Extract documents related to sentiment peaks

This function extracts the documents with most extreme sentiment (lowest, highest or both in absolute terms). The extracted documents are unique, even when, for example, all most extreme sentiment values (across sentiment calculation methods) occur only for one document.

peakdocs(sentiment, n = 10, type = "both", do.average = FALSE)

Arguments

sentiment: a sentiment object created using compute_sentiment or as.sentiment.
n: a positive numeric value to indicate the number of documents associated to sentiment peaks to extract. If n < 1, it is interpreted as a quantile (for example, 0.07 would mean the 7% most extreme documents).
type: a character value, either "pos", "neg" or "both", respectively to look for the n documents related to the most positive, most negative or most extreme (in absolute terms) sentiment occurrences.
do.average: a logical to indicate whether peaks should be selected based on the average sentiment value per document.

Value

A vector of type "character" corresponding to the n extracted document identifiers.

Author

Samuel Borms

Examples

set.seed(505)

data("usnews", package = "sentometrics")
data("list_lexicons", package = "sentometrics")
data("list_valence_shifters", package = "sentometrics")

l <- sento_lexicons(list_lexicons[c("LM_en", "HENRY_en")])

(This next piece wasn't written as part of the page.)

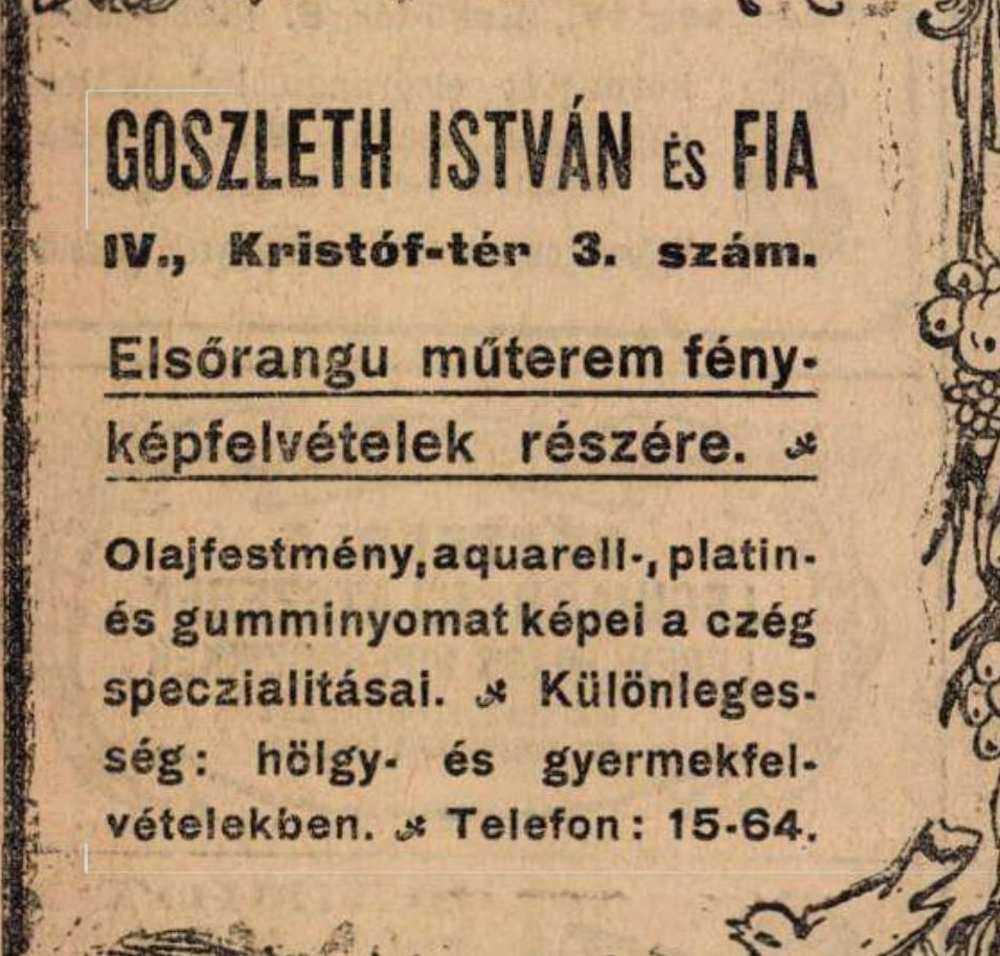 Goszleth és fia hirdetése. In. Az Ujság, 3. évf., 1905. december 17. –Törzsgyűjtemény http://nektar.oszk.hu/hu/manifestation/1020978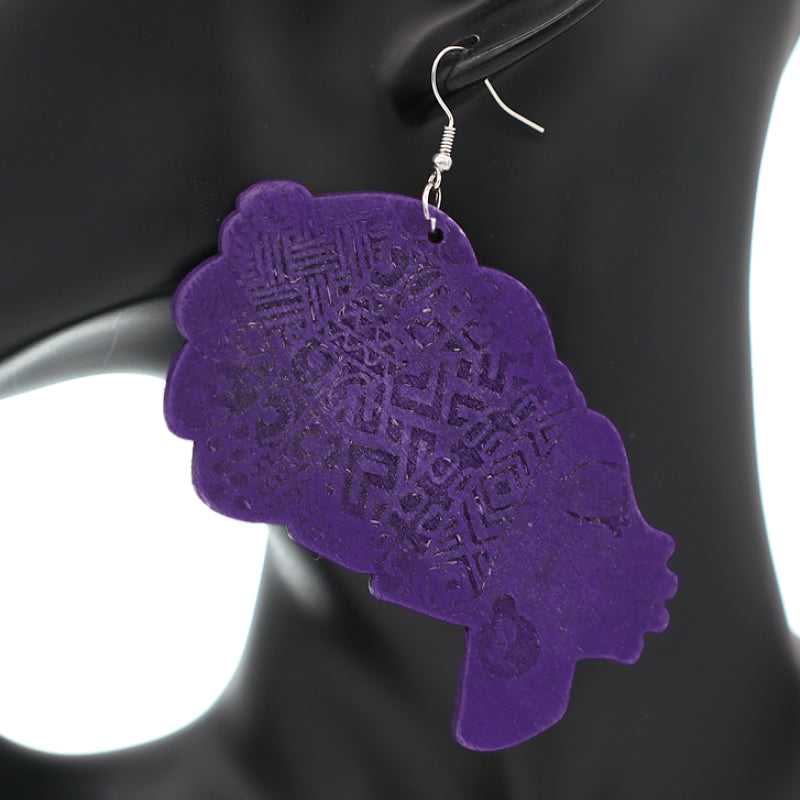 Purple Large Turban Head Wrap Wooden Earrings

corpus <- sento_corpus(corpusdf = usnews)
corpusSample <- quanteda::corpus_sample(corpus, size = 200)
sent <- compute_sentiment(corpusSample, l, how = "proportionalPol")

# extract the peaks
peaksAbs <- peakdocs(sent, n = 5)
peaksAbsQuantile <- peakdocs(sent, n = 0.50)
peaksPos <- peakdocs(sent, n = 5, type = "pos")
peaksNeg <- peakdocs(sent, n = 5, type = "neg")